Lately, other women have started to remark, to other women, that I might be pretty but I don't know it. Oh no, who is outing me? Pretty? Me? No, sorry. They must be talking about another Madeline. It is not me. I'm not pretty, and I'm not pretty on purpose.
I spent the first few years of my son's suburban elementary school being thrust into a scene of other mothers and women with whom I normally have nothing in common except private parts. Women who had never been to New York were horrified by tattoos and had never met anyone Jewish growing up. My marriage was failing, I was more and more miserable, and it probably showed in my brusque responses and belief that I was mostly invisible.

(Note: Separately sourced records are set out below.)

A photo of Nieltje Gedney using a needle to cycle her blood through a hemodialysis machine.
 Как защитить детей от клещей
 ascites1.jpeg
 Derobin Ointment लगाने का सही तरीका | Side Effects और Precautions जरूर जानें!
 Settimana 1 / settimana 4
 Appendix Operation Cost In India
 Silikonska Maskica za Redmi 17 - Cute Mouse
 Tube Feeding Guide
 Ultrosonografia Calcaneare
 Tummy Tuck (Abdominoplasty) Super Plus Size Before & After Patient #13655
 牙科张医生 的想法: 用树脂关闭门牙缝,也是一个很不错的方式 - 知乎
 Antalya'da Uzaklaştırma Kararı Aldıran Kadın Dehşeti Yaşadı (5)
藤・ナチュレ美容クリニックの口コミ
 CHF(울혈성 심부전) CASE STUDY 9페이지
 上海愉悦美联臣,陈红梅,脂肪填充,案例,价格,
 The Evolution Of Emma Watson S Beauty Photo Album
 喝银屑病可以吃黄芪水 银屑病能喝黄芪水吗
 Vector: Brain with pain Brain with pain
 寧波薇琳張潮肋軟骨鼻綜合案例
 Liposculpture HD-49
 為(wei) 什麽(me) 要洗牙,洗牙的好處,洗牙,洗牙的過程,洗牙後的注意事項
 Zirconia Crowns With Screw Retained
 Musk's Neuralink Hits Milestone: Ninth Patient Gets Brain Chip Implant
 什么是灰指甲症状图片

I was shocked when anyone would even remember my name. Pretty? No. Invisible? Yes.
And then when my relationship totally shattered into a million shards of sharp, broken glass, I had one friend (well, I have a bunch but...) who would gently remind me to do things like shave my legs and cut my bangs. She was my grooming coach and I'm grateful. I must have sat in my attorney's office in those early days, dressed like I was a derelict, crying into his endless box of tissues. It's funny how a rotten relationship will do that to every last shred of self-esteem you have. Pretty? No. Ugly. Sad. Icky. I still bought new shoes each season though, so I must not have been totally out of it but I felt like I was under water most of the time. I stopped paying attention to the differences between myself and the women around me and started seeing how much is the same. We all had kids we loved and cared for. We shared the same neighborhood, the same friends, the same devotion to our schools.
So what if that woman over there runs eight miles a day and has a kind, supportive husband who thinks he is lucky to have her and not the other way around? That's not me but it doesn't make me ugly or sad. It just makes me, me. And yeah, I might be pretty somewhere past the geek-chic glasses and the Margiela wardrobe and I don't think I mind. I'm lucky. I have a friend that is as every bit a BFF as the ones I had when I was 12, I have a beautiful son, I'm smart, I'm funny, I'm generous (and the body is still all good). No matter what I see on the outside when I wake up in the morning, I think I might feel pretty on the inside. And that was worth every little bit of heartache, I promise.